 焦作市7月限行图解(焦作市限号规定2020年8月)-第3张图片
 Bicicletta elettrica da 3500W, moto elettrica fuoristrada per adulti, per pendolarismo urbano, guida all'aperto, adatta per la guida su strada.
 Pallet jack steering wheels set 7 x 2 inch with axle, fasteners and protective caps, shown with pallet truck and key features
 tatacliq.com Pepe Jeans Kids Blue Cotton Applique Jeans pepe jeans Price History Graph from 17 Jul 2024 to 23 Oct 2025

--

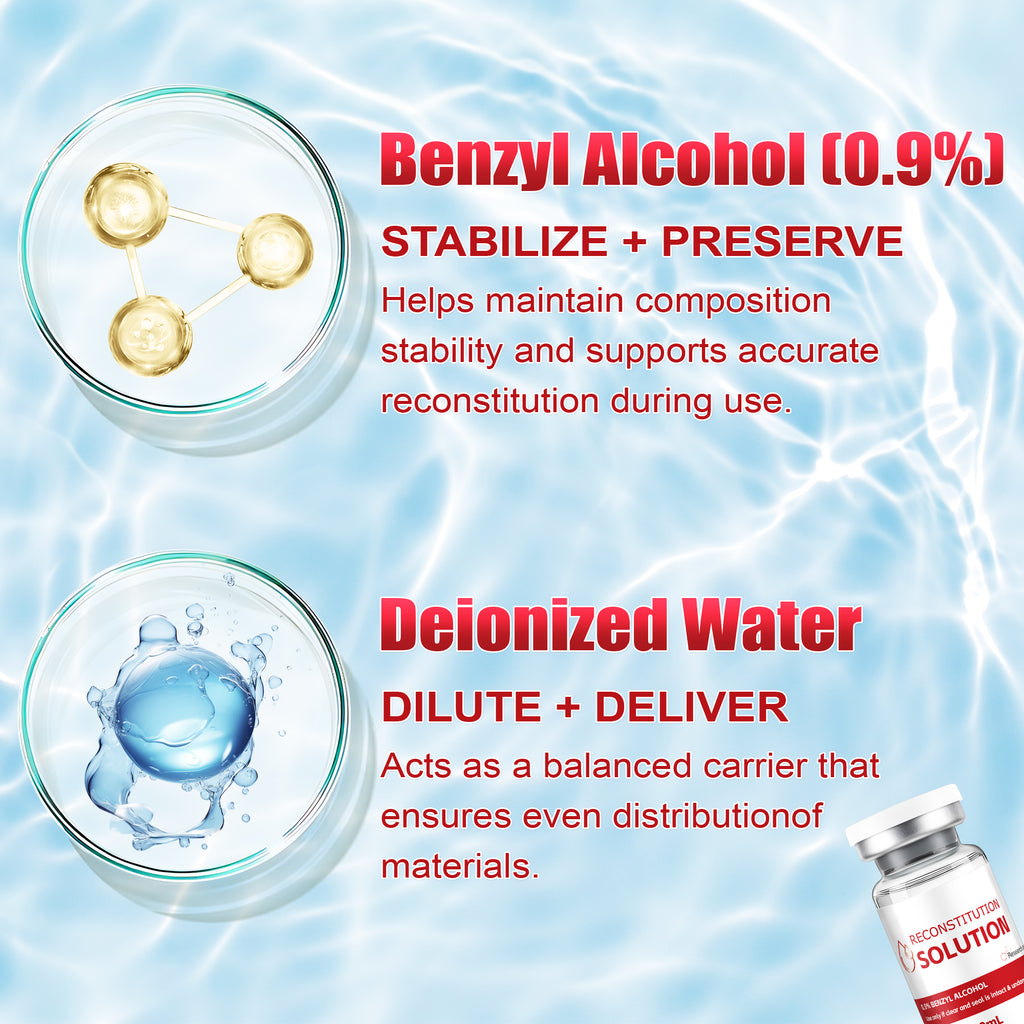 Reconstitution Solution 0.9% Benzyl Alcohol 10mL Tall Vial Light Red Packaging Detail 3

(Work request):
Retype, exactly and in full, the lines above from the one containing "Bicicletta elettrica da" through the one containing "tatacliq.com Pepe Jeans".

(Completed exercise):
 Bicicletta elettrica da 3500W, moto elettrica fuoristrada per adulti, per pendolarismo urbano, guida all'aperto, adatta per la guida su strada.
 Pallet jack steering wheels set 7 x 2 inch with axle, fasteners and protective caps, shown with pallet truck and key features
 tatacliq.com Pepe Jeans Kids Blue Cotton Applique Jeans pepe jeans Price History Graph from 17 Jul 2024 to 23 Oct 2025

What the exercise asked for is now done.